BY Creative Content Editor

Ah, friendship: it’s elusive, fulfilling and it’s soul-affirming. For many years, I thought I understood friendship and its importance, but then I spent winter session 2020 in Greece. This adventure made me question thoughts and intuitions I’d previously held about the very concept. We know that it can bridge gaps and build bridges, one person and one experience at a time.

During winter break I had the opportunity to travel with 15 strangers to Greece and study biblical & classical literature with professor David Satran. Because it was my first time going abroad, I was excited about the prospects of Europe and all its trappings. The sights, smells and sounds of Europe awaited me and I was filled with nervous anticipation. The Acropolis, the Parliament, the shops and the taxis were breathtaking. I was not only stunned by Greece’s scenery but completely enthralled by its people.

I definitely experienced culture shock in the beginning, and my journey didn’t seem real until about four days into the trip. I landed feet first into a foreign country tasked with observing, studying and recording my experiences. I was also eager to meet new people and make new connections; thankfully it was much easier than I initially anticipated.

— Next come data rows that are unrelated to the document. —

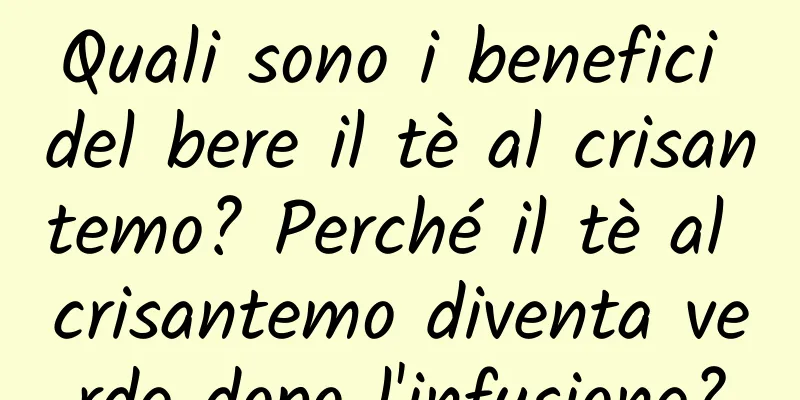 Quali sono i benefici del bere il tè al crisantemo? Perché il tè al crisantemo diventa verde dopo l'infusione?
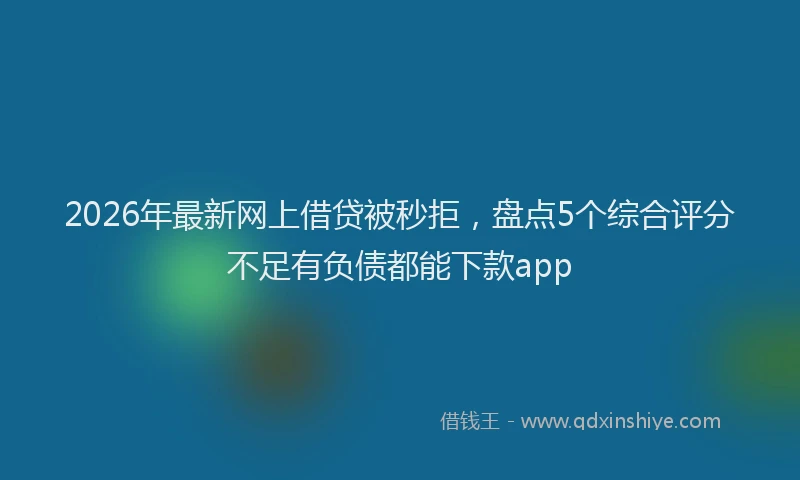 2026年最新网上借贷被秒拒，盘点5个综合评分不足有负债都能下款app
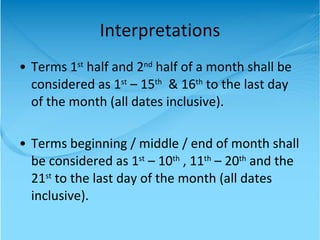 Terms 1 st  half and 2 nd  half of a month shall be considered as 1 st  – 15 th   & 16 th  to the last day of the month (all dates inclusive). Terms beginning / middle / end of month shall be considered as 1 st  – 10 th  , 11 th  – 20 th  and the 21 st  to the last day of the month (all dates inclusive). Interpretations 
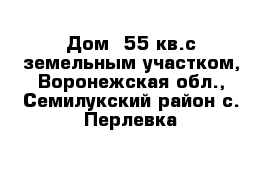 Дом  55 кв.с земельным участком, Воронежская обл., Семилукский район с. Перлевка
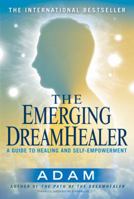 The Emerging DreamHealer 0452287308 Book Cover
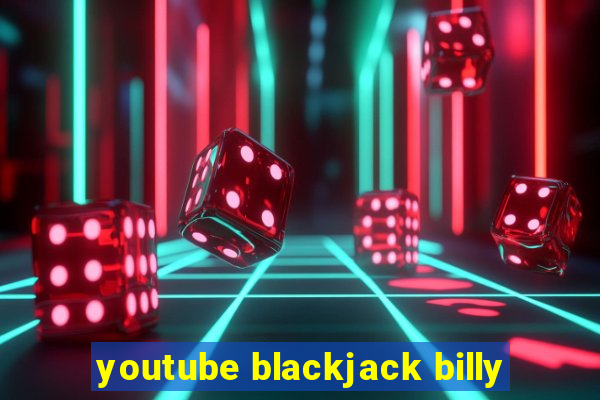 youtube blackjack billy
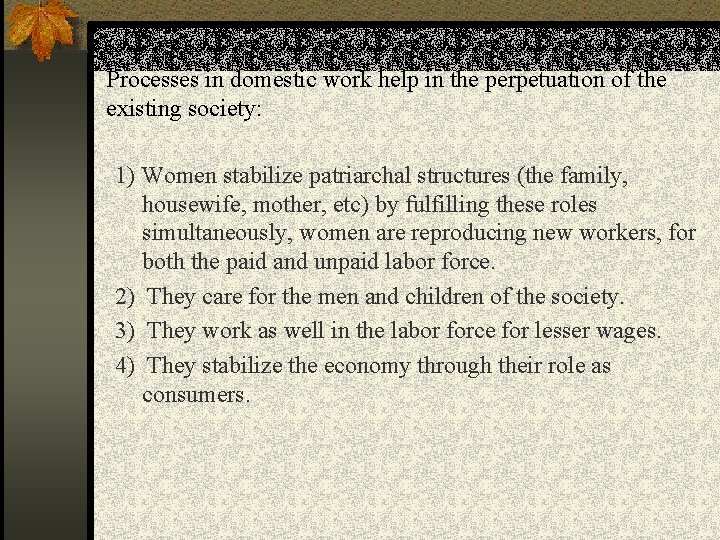 Processes in domestic work help in the perpetuation of the existing society: 1) Women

While in Greece, not only did I learn all about the culture, language and history of their country, I began to learn more about people in general. People are often busy, consumed by the responsibilities and school, which can cause their social life to suffer. Being with 15 other people on the same journey allowed us to laugh, cry and share our innermost secrets and deepest thoughts. Our friendships were not defined by race, gender nor social standing as they sometimes are for me in America, just a genuine interest in caring and supporting each other.

I admit that going into this trip I didn’t expect to connect with anyone, although I remained open to any possibilities. Upon meeting these wonderful people in my group, I bonded with them on a personal and emotional level quicker than ever before. My study abroad friendships opened me up to the power of making emotional connections with people. Being entrusted with the thoughts, feelings and aspirations of other individuals after such a small window of time is a humbling experience. Making new friends during study abroad allowed me to evaluate the meaning of friendship. I believed there was a timetable for friendship and newly acquired friends aren’t true friends, which I was extremely wrong about.

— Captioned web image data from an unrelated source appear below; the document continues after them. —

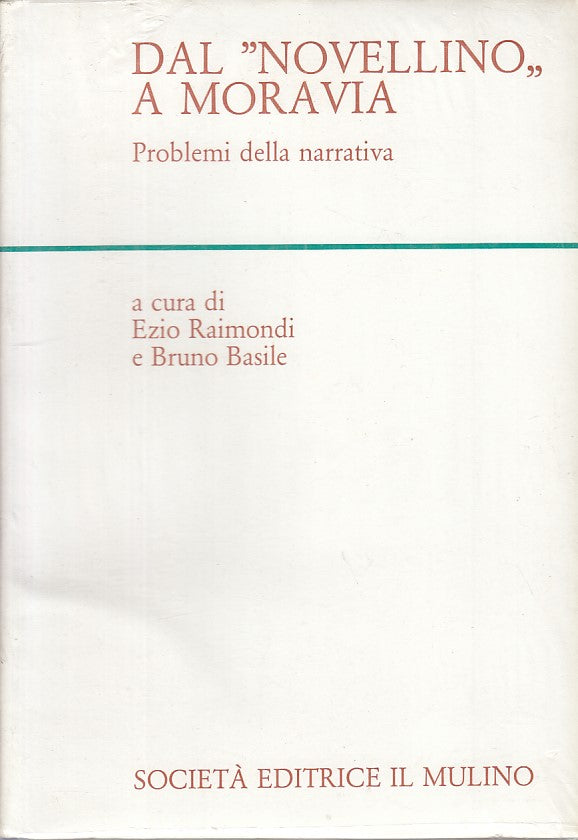LS- DAL "NOVELLINO" A MORAVIA SIGILLATO -- MULINO --- 1979 - BS - YFS378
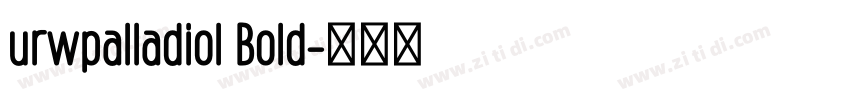 urwpalladiol Bold字体转换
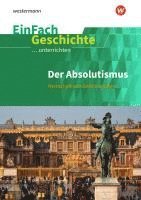 bokomslag Der Absolutismus: Herrschaft von Gottes Gnaden. EinFach Geschichte ...unterrichten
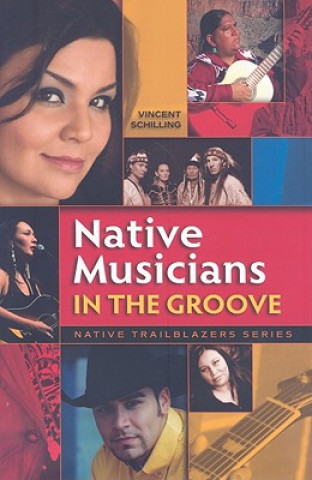 Książka Native Musicians in the Groove Vincent Schilling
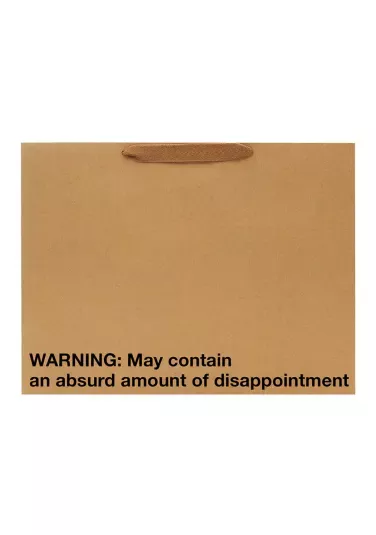 "Warning: May Contain Disappointment" Large Gift Bag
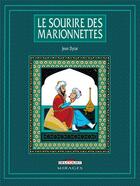 Couverture du livre « Le sourire des marionnettes » de Jean Dytar aux éditions Delcourt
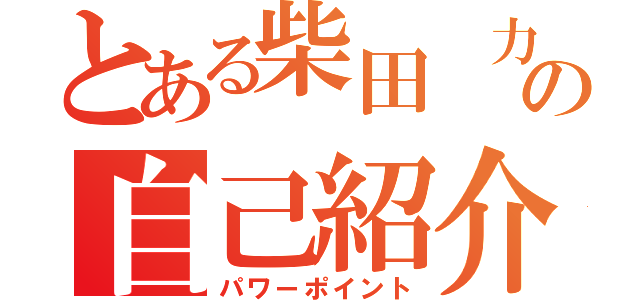 とある柴田　力也の自己紹介（パワーポイント）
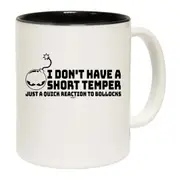 Short Temper Just A Quick Reaction To Bullocks Mug Cup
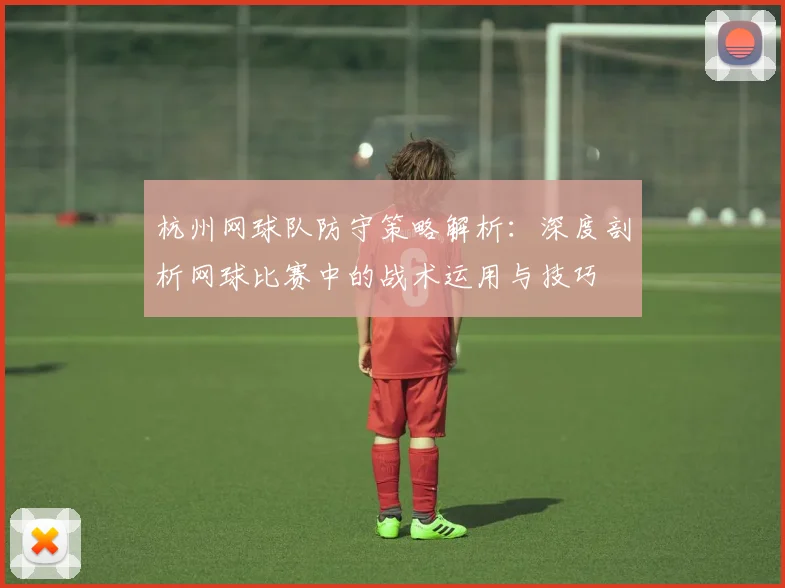 杭州网球队防守策略解析：深度剖析网球比赛中的战术运用与技巧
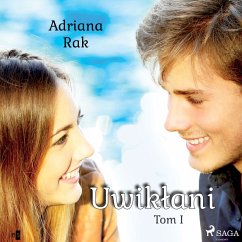 Uwikłani. Tom 1 (MP3-Download) - Rak, Adriana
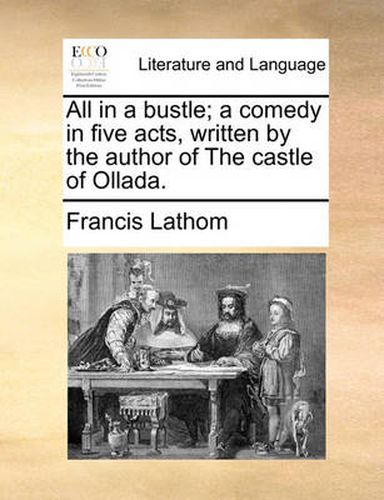 Cover image for All in a Bustle; A Comedy in Five Acts, Written by the Author of the Castle of Ollada.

I realized that friendship is the manifestation of communication and emotional connection and that my new friends are real despite our limited time together and my reward for being open to the wonderful opportunities that friendship provides; the opportunity to share life experiences, communicate and connect on an intimate level.

According to Britannica, friendship is described as “a state of enduring affection, esteem, intimacy, and trust between two people” and that is exactly what I experienced on this trip. I created 15 profound states of friendship, each unique in its own right. Of all the sights, sounds and attractions of Athens, Greece, the friends I made were by far the highlight.

I was so incredibly fortunate to have the opportunity to leave America and experience a different culture. I feel even more blessed to have met these 15 strangers that I now get to call some of my best friends.